### Exercise directions
From the first line of the data down to the line bearing "Hi, this is", output every line exactly and include no pictures.

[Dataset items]
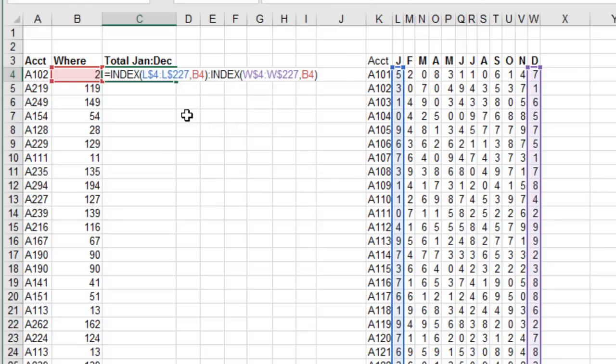Now, in the past, I would have done this with an OFFSET function, but OFFSET, it's a volatile function. It's a very slow function. INDEX does not suffer from this problem.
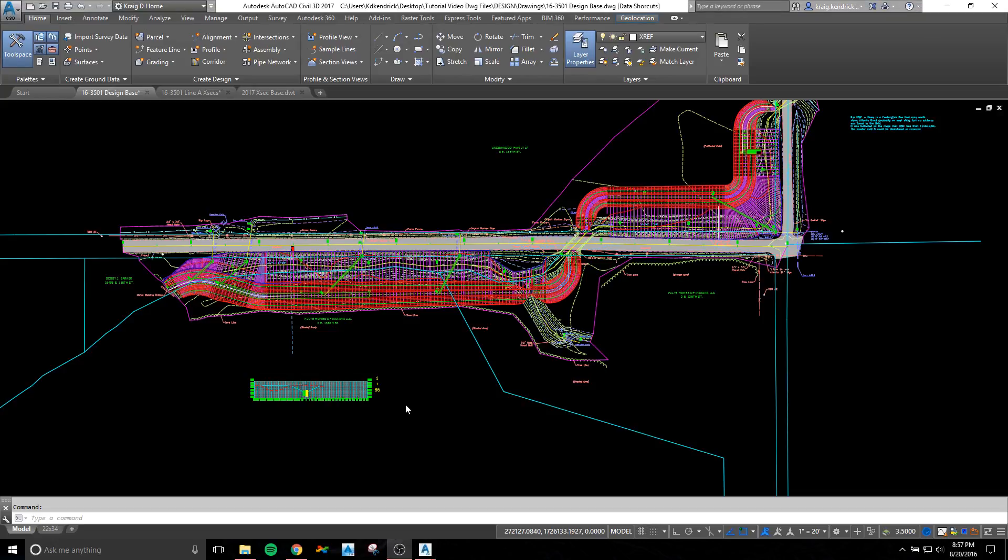This tutorial video is going to show you the steps to create cross-sections from a corridor. We will create cross-sections, sample lines, and do cut and fill quantity calculations.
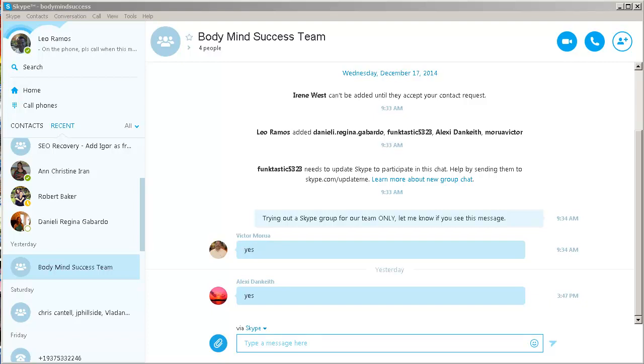How to silence group notifications on Skype. If you're using Skype and you have a number of groups that you're a part of, you know exactly what I'm talking about.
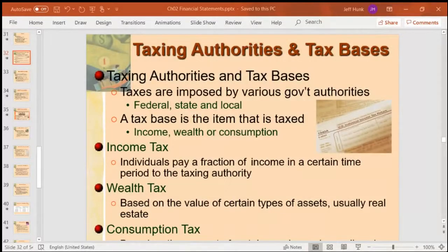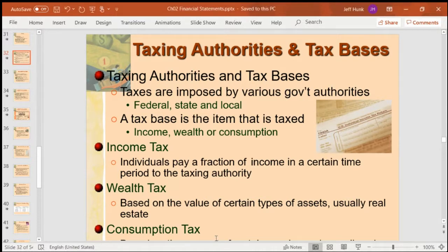Hello. Welcome back to the continuing lecture in Corporate Finance. This lecture can also apply to another course titled Principles of Finance. Today's lecture focuses on taxation, and especially in corporate finance, tax is a big part of corporate finance.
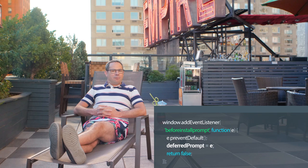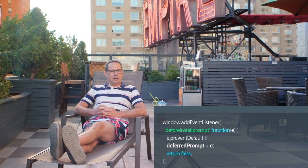On Android, you can now defer the add to home screen banner and show it at a more convenient time, when it doesn't interrupt the application flow. Simply prevent the default action by calling preventDefault on the before install prompt event, and save a reference to the event for later. Then, when you're ready, re-trigger the prompt by calling prompt on the stored event.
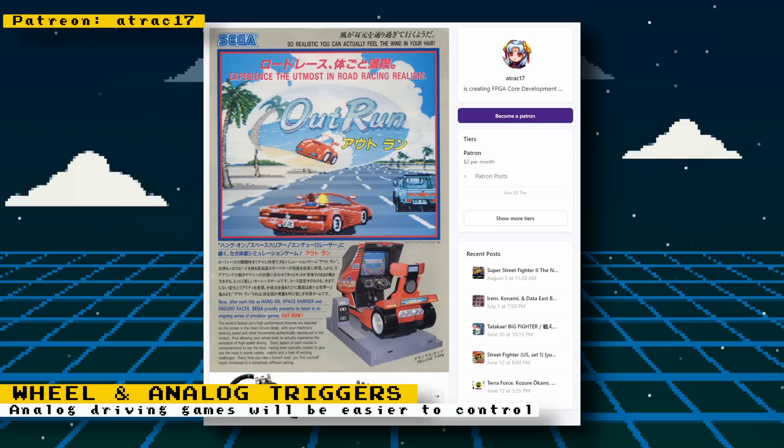It's a good read, so check it out. While you're there, consider subscribing to Attract17's Patreon. Remember, OutRun is not yet playable, but you can get into the input test and sound test of the core.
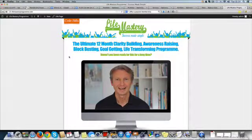Hi, this is Rajiv from OptimizePress Experts. This is another of our case studies, and the reason I'm doing these case studies is so that you get an idea of the things that you can achieve, or how you can set up your sales funnel.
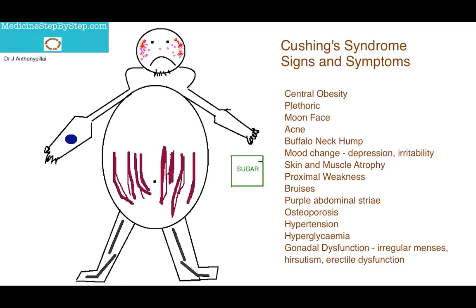Hello everyone. For the signs and symptoms, I wanted to create a picture that contains as many of the key signs and symptoms of Cushing's Syndrome. Yes, it is a terrible drawing, but I hope that this drawing will stay in your minds to remember the signs and symptoms.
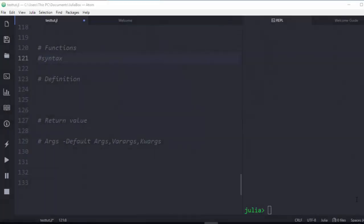Hello everyone, welcome back. My name is Jesse and in today's tutorial we learn about functions in Julia. A function is a first-class object that takes a tuple of arguments and returns a value. In Julia, the basic syntax of creating a function is...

### Exercise result
Now, in the past, I would have done this with an OFFSET function, but OFFSET, it's a volatile function. It's a very slow function. INDEX does not suffer from this problem.
This tutorial video is going to show you the steps to create cross-sections from a corridor. We will create cross-sections, sample lines, and do cut and fill quantity calculations.
How to silence group notifications on Skype. If you're using Skype and you have a number of groups that you're a part of, you know exactly what I'm talking about.
Hello. Welcome back to the continuing lecture in Corporate Finance. This lecture can also apply to another course titled Principles of Finance. Today's lecture focuses on taxation, and especially in corporate finance, tax is a big part of corporate finance.
On Android, you can now defer the add to home screen banner and show it at a more convenient time, when it doesn't interrupt the application flow. Simply prevent the default action by calling preventDefault on the before install prompt event, and save a reference to the event for later. Then, when you're ready, re-trigger the prompt by calling prompt on the stored event.
It's a good read, so check it out. While you're there, consider subscribing to Attract17's Patreon. Remember, OutRun is not yet playable, but you can get into the input test and sound test of the core.
Hi, this is Rajiv from OptimizePress Experts. This is another of our case studies, and the reason I'm doing these case studies is so that you get an idea of the things that you can achieve, or how you can set up your sales funnel.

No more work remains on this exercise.